▶ [Problem]:
Once "ref sheet for a character named AP-01.'" turns up in a line below, reproduce that line and those after it exactly, stopping after the line with "Mink Hair 3"; leave pictures out.
━━━━━ Material for this task
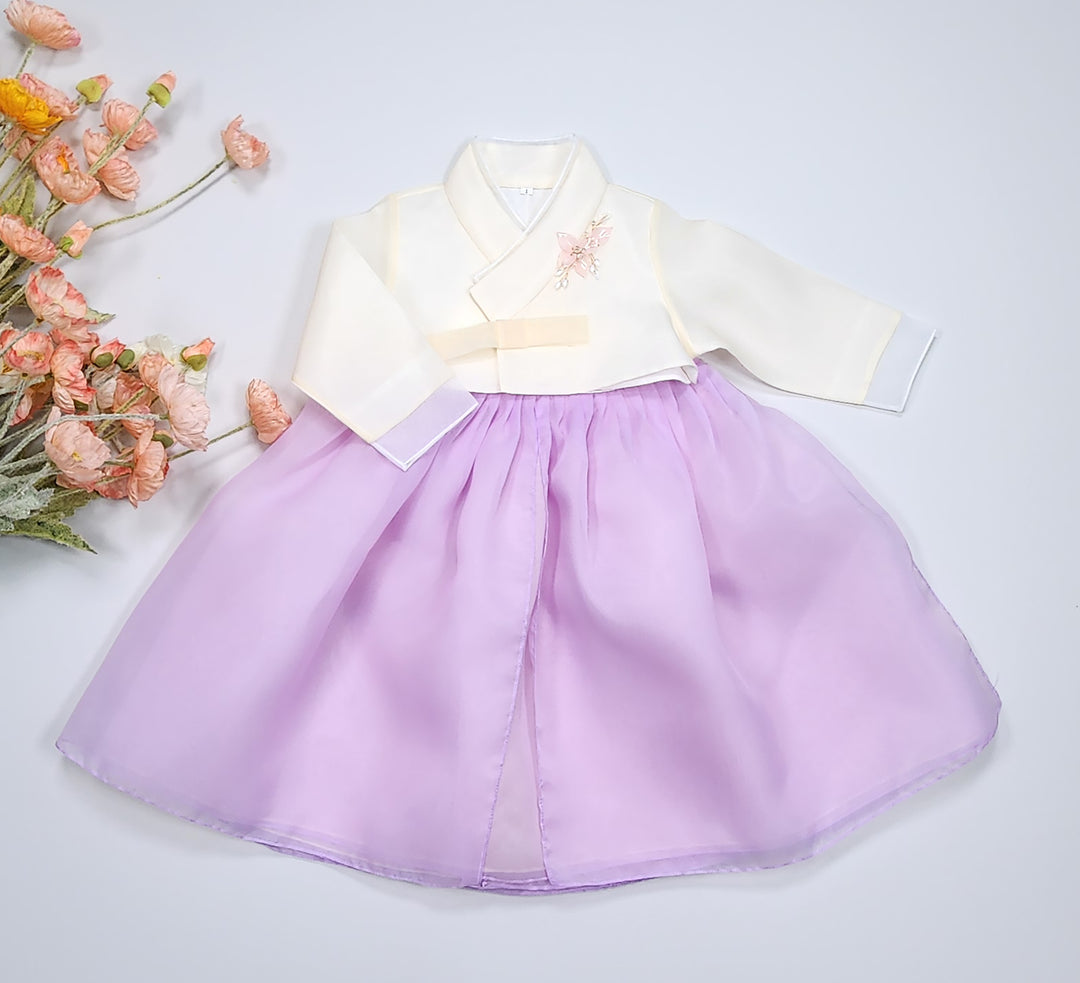 Hanbok Girl Baby Korea Traditional Clothing Set First Birthday Celebration Party Celebration 1–8 years Pastel Beige Purple OSG101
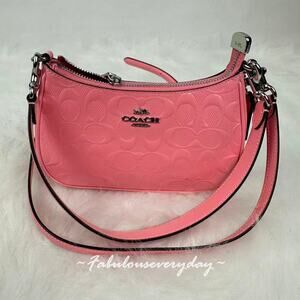 Coach Teri Mini Crossbody Bag In Signature Leather With Heart Charm Pink CCZ29
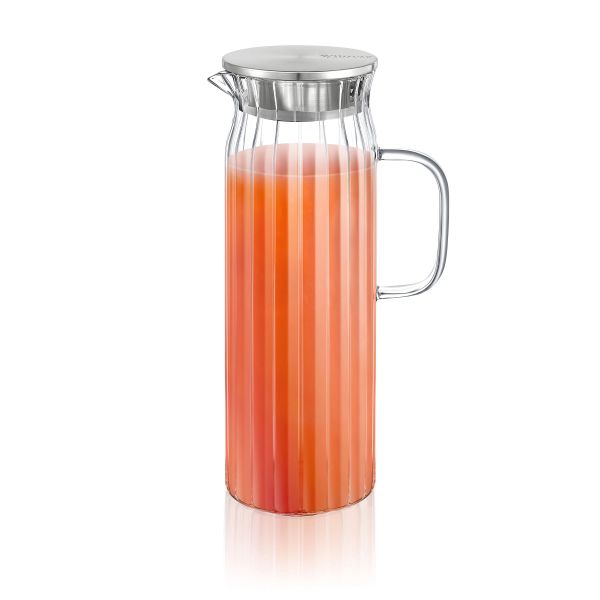 Wilmax Segment 1L Glass Jug with Bamboo Lid - Elegant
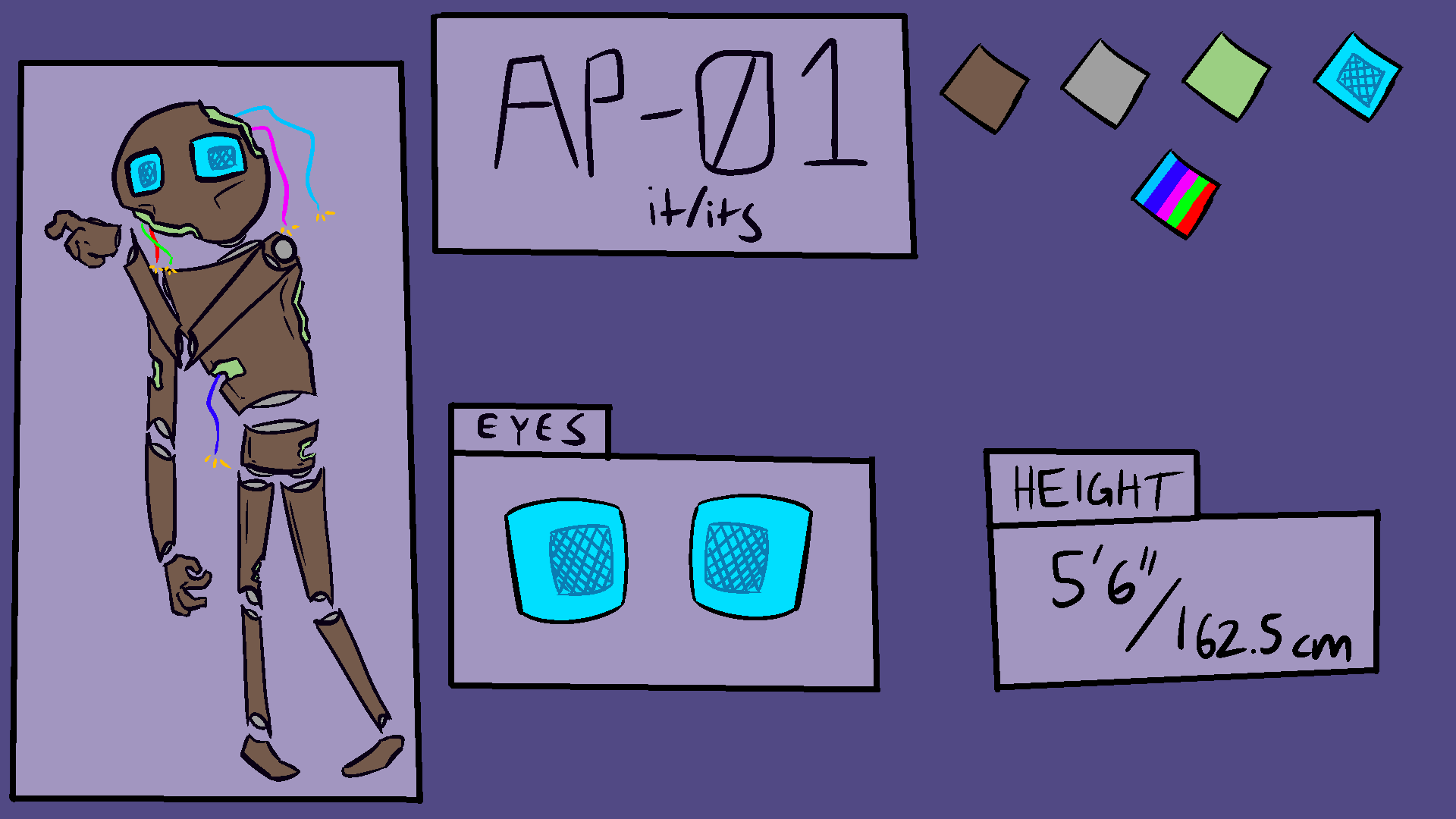 ref sheet for a character named AP-01.'
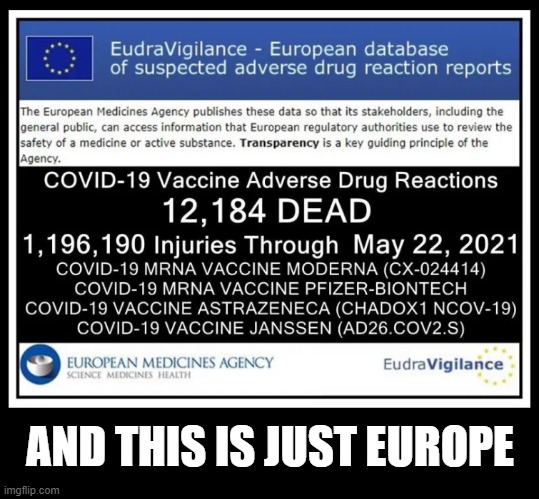 But it's not the jab... | AND THIS IS JUST EUROPE | image tagged in vaccines,europe vaccine injuires,2021 | made w/ Imgflip meme maker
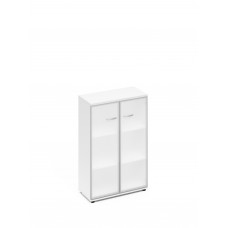 Шкаф средний со стеклом в алюминиевой рамке белый премиум А4 9367 БП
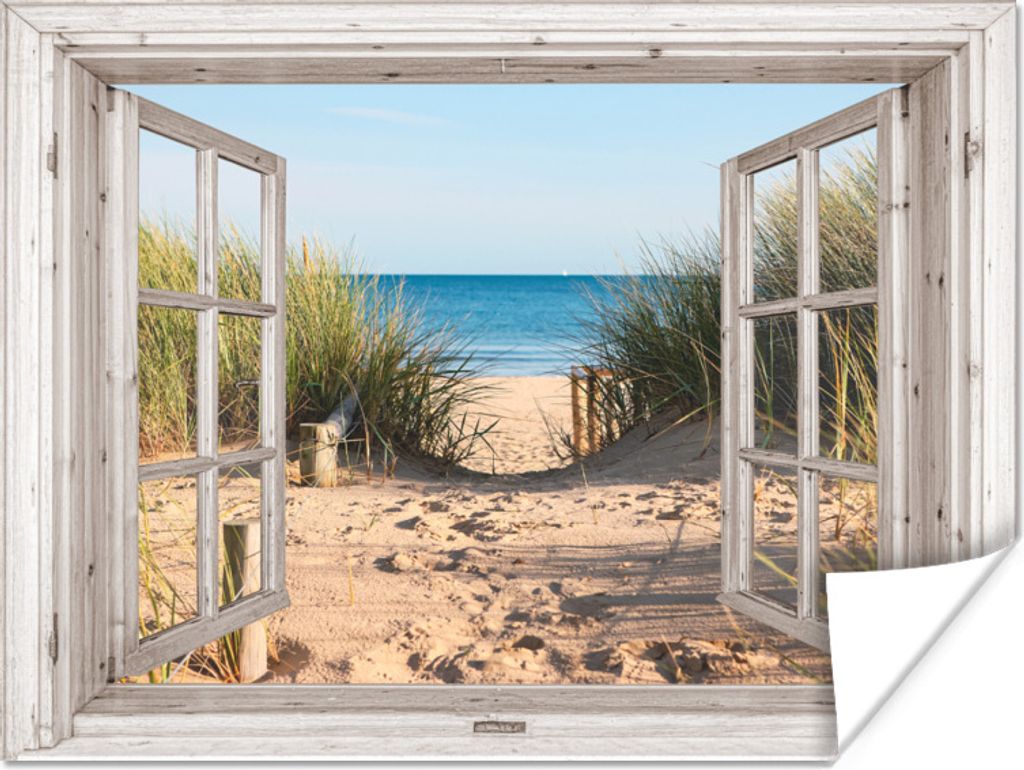 MuchoWow Poster Durchblick - Strand - Meer - Dünen - Sand - Wasser - Hochgras 120x90 cm - Wandbild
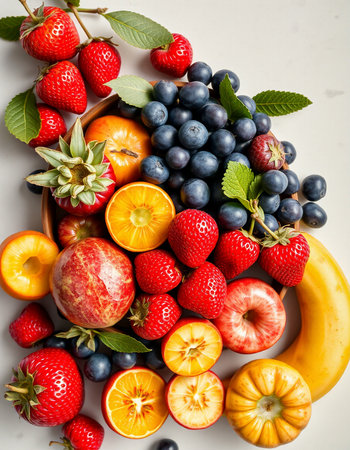 Mix of fresh fruits and berries on a white background. Top view.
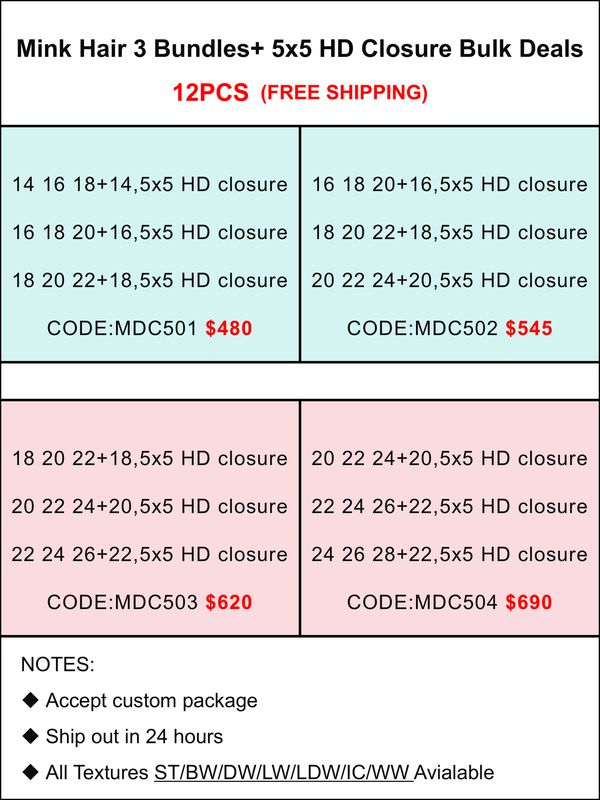 Mink Hair 3 Bundles + 5x5 HD Closure Bulk Deals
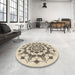 Round Patterned Wheat Beige Rug in a Office, pat1904brn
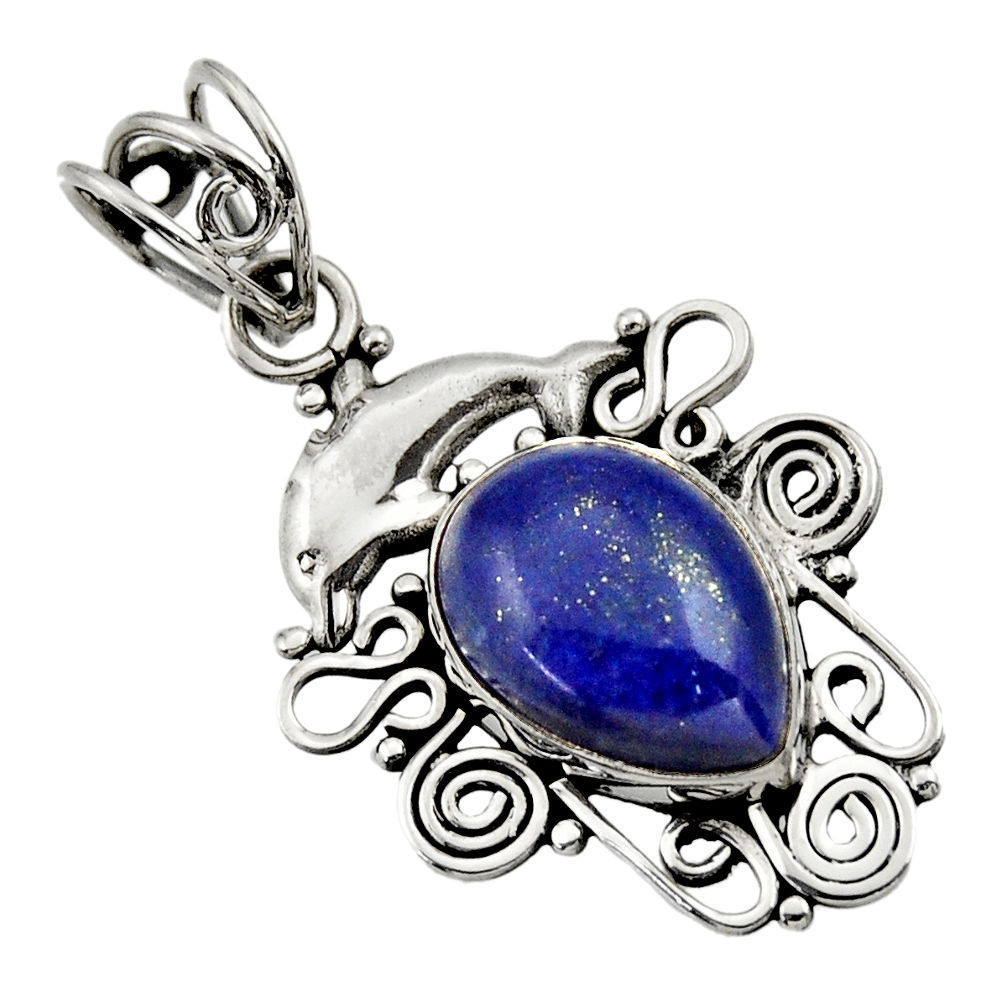 925 silver 6.26cts natural blue lapis lazuli pear shape dolphin pendant d33537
━━━━━━━━━━
▶ [Written answer]:
 ref sheet for a character named AP-01.'
 But it's not the jab... | AND THIS IS JUST EUROPE | image tagged in vaccines,europe vaccine injuires,2021 | made w/ Imgflip meme maker
 Шкаф средний со стеклом в алюминиевой рамке белый премиум А4 9367 БП
 MuchoWow Poster Durchblick - Strand - Meer - Dünen - Sand - Wasser - Hochgras 120x90 cm - Wandbild
 Mix of fresh fruits and berries on a white background. Top view.
 Mink Hair 3 Bundles + 5x5 HD Closure Bulk Deals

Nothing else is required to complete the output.